SKOPJE, Macedonia, July 10 (UPI) -- Market purists consider oligopolies -- not to mention cartels -- to be as villainous as monopolies. Oligopolies, they intone, restrict competition unfairly, retard innovation, charge rent and price their products higher than they could have in a perfect competition free market with multiple participants. Worse still, oligopolies are going global.
The Wall Street Journal, on the other hand, recently published a eulogistic list: "Twenty years ago, cable television was dominated by a patchwork of thousands of tiny, family-operated companies. Today, a pending deal would leave three companies in control of nearly two-thirds of the market. In 1990, three big publishers of college textbooks accounted for 35 percent of industry sales. Today they have 62 percent ... Five titans dominate the (defense) industry, and one of them, Northrop Grumman ... made a surprise (successful) $5.9 billion bid for (another,) TRW ... In 1996, when Congress deregulated telecommunications, there were eight Baby Bells. Today there are four, and dozens of small rivals are dead. In 1999, more than 10 significant firms offered help-wanted Web sites. Today, three firms dominate."

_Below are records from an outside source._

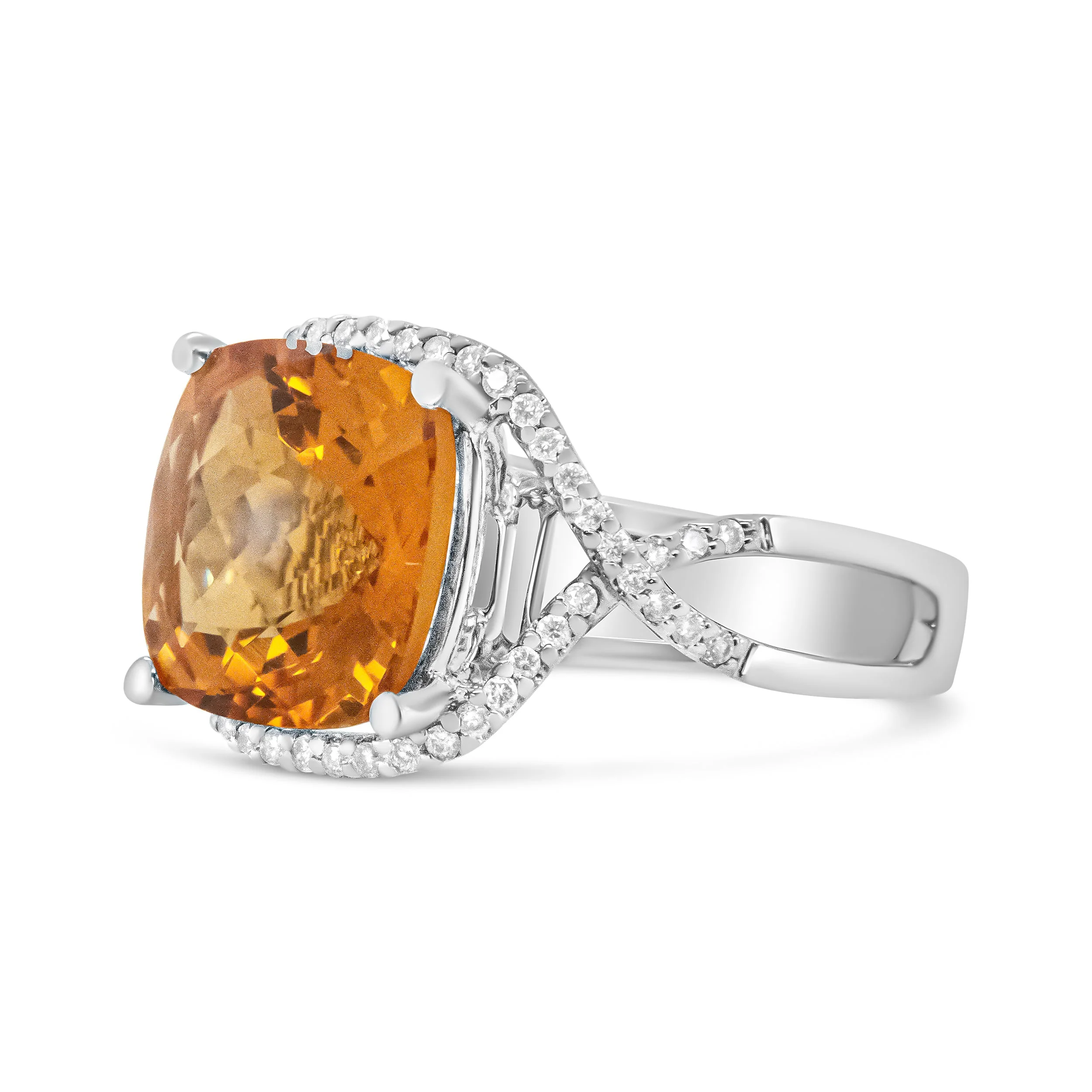 14K White Gold 12mm Cushion Cut Yellow Citrine Gemstone and 1/3 Cttw Round Pave-Set Diamond Ring - (H-I Color, VS1-VS2 Clarity)- Size 6.5 - Image 5
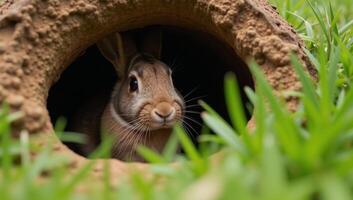 Rabbit peeking from burrow curious about outside world photo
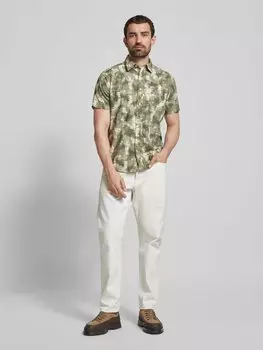 Повседневная рубашка прямого кроя с нагрудным карманом camel active, оливковый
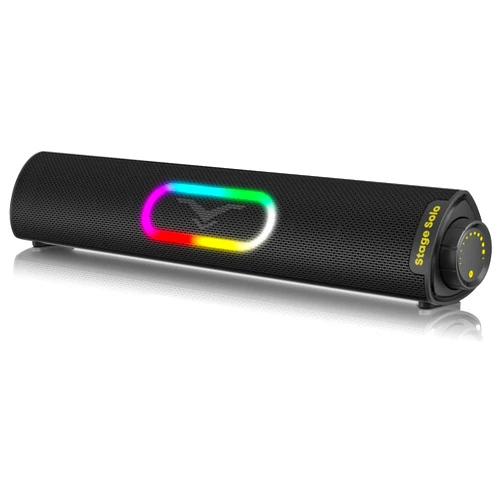 StageSound Solo Computer Speakers for Desktop PC, HiFi Stereo Soundbar with 4 RGB Modes, Bluetooth 5.3 & USB Plug-N-Play & 3.5mm Wired Connection, USB Powered Speakers for PC/Laptop/Desktop/Projector/Gaming
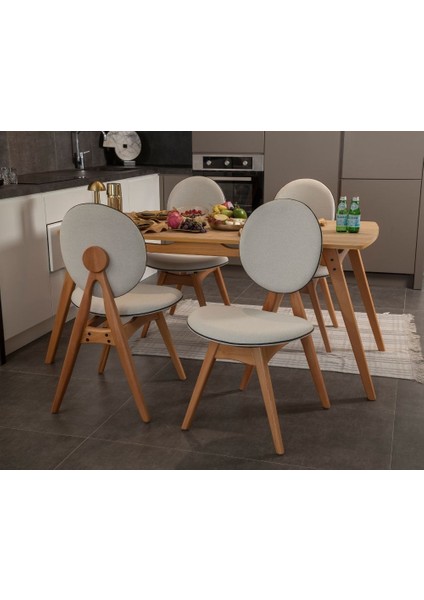 Touch Iskandinav Mutfak&Salon Masa Sandalye Takımı, El İşçiliği,Keten Bej,Meşe Rengi 80*160 (4S1M)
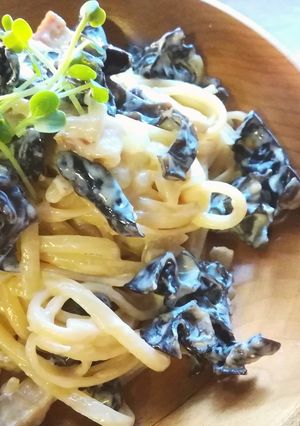 黒きくらげとベーコンのクリームパスタ-レシピのメイン写真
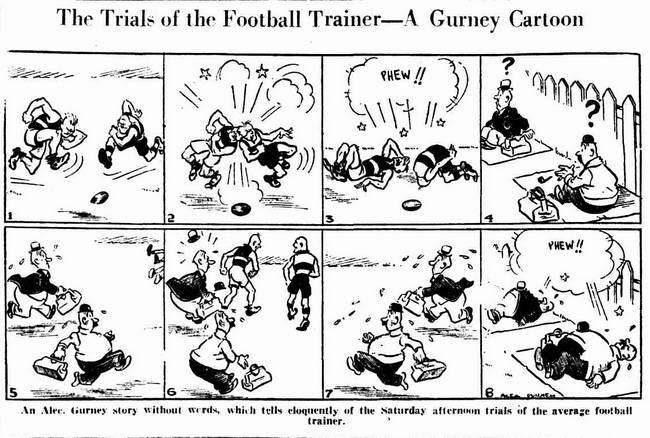 Daily News - Perth 17Jun1933 p5 The Trials of the Football Trainer— A Gurney Cartoon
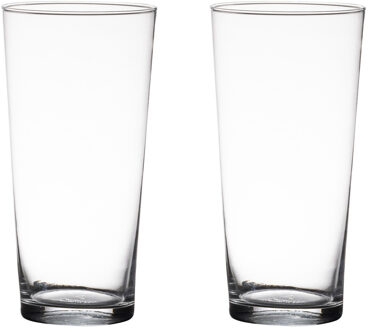 Set van 2x stuks transparante home-basics conische vaas/vazen van glas 29 x 16 cm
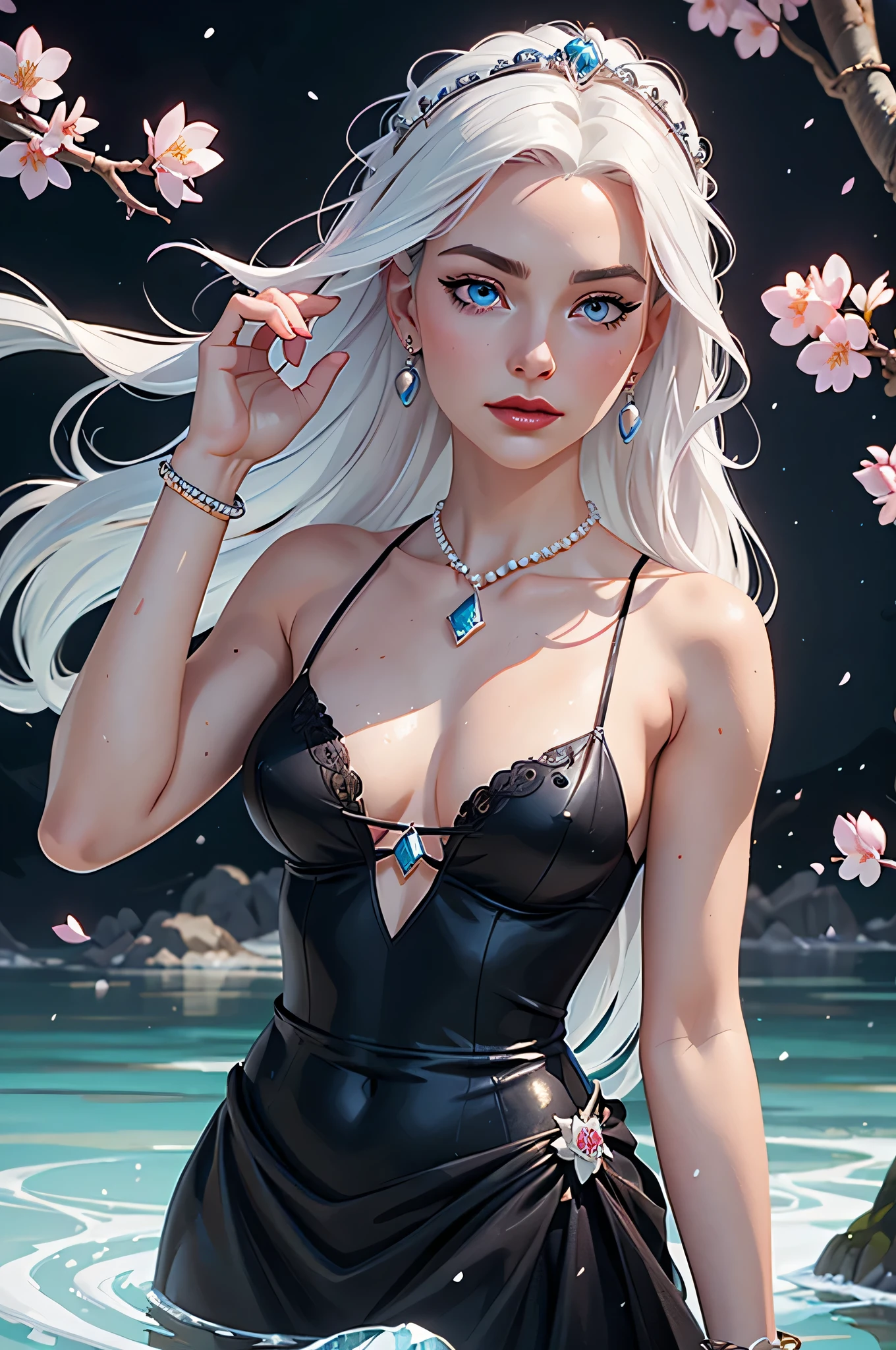 oil painting and cg rendering portrait of fairy, black theme, a nsfw woman with long white hair wearing sleeveless shirt with a crown in falling rose petals, jewelry, pearl_(gemstone), earrings, bracelet, blue eyes, eyelashes, cherry blossoms, white hair, red lips, closed mouth, parted lips, detailed anime soft face, pale snow white skin, beads of water, exposed shoulders, upper body, water, chain, nature, hand up, wind, grand background.a detailed painting, by mi qi, pixiv, super high detail picture, icy, young goddess, detailed face
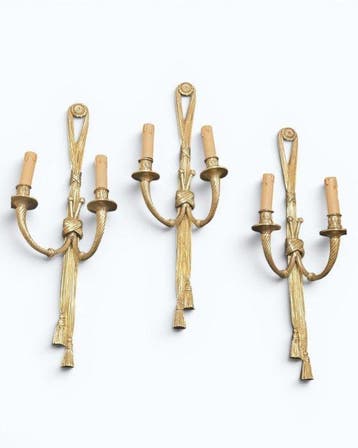 Wandkandelaar (3) - Brons - Verguld brons 63 cm -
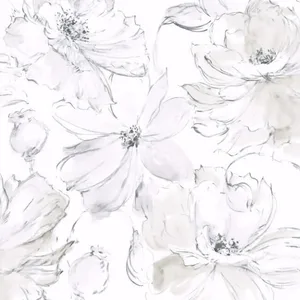 York Wallcoverings Floral Dreams wallpaper, color Grey, SKU PSW1530RL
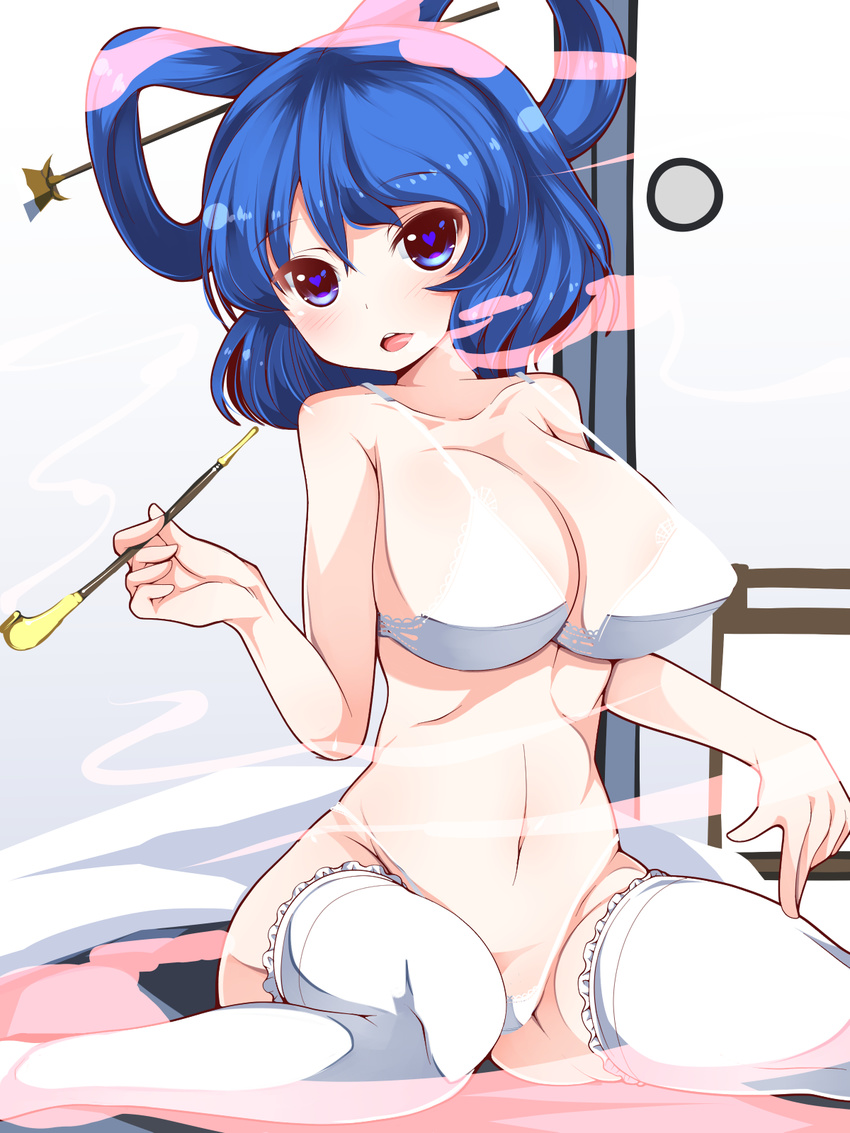 blue_eyes blue_hair blush bra breasts commentary_request doku_corne hair_ornament hair_rings hair_stick heart heart-shaped_pupils highres kaku_seiga kiseru large_breasts lingerie looking_at_viewer midriff navel open_mouth pipe short_hair sitting smile smoke smoking solo symbol-shaped_pupils thighhighs thong touhou underwear white_legwear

Mergers, business failures, deregulation, globalization, technology, dwindling and more cautious venture capital, avaricious managers and investors out to increase share prices through a spree of often ill-thought acquisitions -- all lead inexorably to the congealing of industries into a few suppliers. Such market formations are known as oligopolies. Oligopolies encourage customers to collaborate in oligopsonies and these, in turn, foster further consolidation among suppliers, service providers, and manufacturers.
But how does one determine market concentration to start with?
The Herfindahl-Hirschmann index squares the market shares of firms in the industry and adds up the total. But the number of firms in a market does not necessarily impart how low -- or high -- are barriers to entry. These are determined by the structure of the market, legal and bureaucratic hurdles, the existence, or lack thereof of functioning institutions, and by the possibility to turn an excess profit.
The index suffers from other shortcomings. Often the market is difficult to define. Mergers do not always drive prices higher. University of Chicago economists studying Industrial Organization, the branch of economics that deals with competition, have long advocated a shift of emphasis from market share to -- usually temporary -- market power. Influential antitrust thinkers, such as Robert Bork, recommended revising the law to focus solely on consumer welfare.
These and other insights were incorporated in a theory of market contestability. Contrary to classical economic thinking, monopolies and oligopolies rarely raise prices for fear of attracting new competitors, went the new school. This is especially true in a "contestable" market, where entry is easy and cheap.
An oligopolistic firm also fears the price-cutting reaction of its rivals if it reduces prices, goes the Hall, Hitch, and Sweezy theory of the Kinked Demand Curve. If it were to raise prices, its rivals may not follow suit, thus undermining its market share. Stackleberg's amendments to Cournot's Competition model, on the other hand, demonstrate the advantages to a price setter of being a first mover.
In an article in the European Competition Law Review, Juan Briones Alonso writes: "At first sight, it seems that ... oligopolists will sooner or later find a way of avoiding competition among themselves, since they are aware that their overall profits are maximized with this strategy. However, the question is much more complex. First of all, collusion without explicit agreements is not easy to achieve. Each supplier might have different views on the level of prices which the demand would sustain, or might have different price preferences according to its cost conditions and market share. A company might think it has certain advantages which its competitors do not have, and would perhaps perceive a conflict between maximizing its own profits and maximizing industry profits."
"Moreover, if collusive strategies are implemented, and oligopolists manage to raise prices significantly above their competitive level, each oligopolist will be confronted with a conflict between sticking to the tacitly agreed behavior and increasing its individual profits by 'cheating' on its competitors. Therefore, the question of mutual monitoring and control is a key issue in collusive oligopolies."
Monopolies and oligopolies, went the contestability theory, also refrain from restricting output, lest their market share be snatched by new entrants. In other words, even monopolists behave as though their market was fully competitive, their production and pricing decisions and actions constrained by the "ghosts" of potential and threatening newcomers.
In a discussion paper by the Center for Research into Industry, Enterprise, Finance and the Firm Discussion Paper, the authors argue that: "Under decreasing returns and some fixed cost, the market grows to 'full capacity' at Walrasian equilibrium (oligopolies); on the other hand, if returns are increasing, the unique long run outcome involves a profit-maximizing monopolist."
While intellectually tempting, contestability theory has little to do with the rough and tumble world of business. Contestable markets simply do not exist. Entering a market is never cheap, nor easy. Huge sunk costs are required to counter the network effects of more veteran products as well as the competitors' brand recognition and ability and inclination to collude to set prices.
Victory is not guaranteed, losses loom constantly, investors are forever edgy, customers are fickle, bankers itchy, capital markets gloomy, suppliers beholden to the competition. Barriers to entry are almost always formidable and often insurmountable.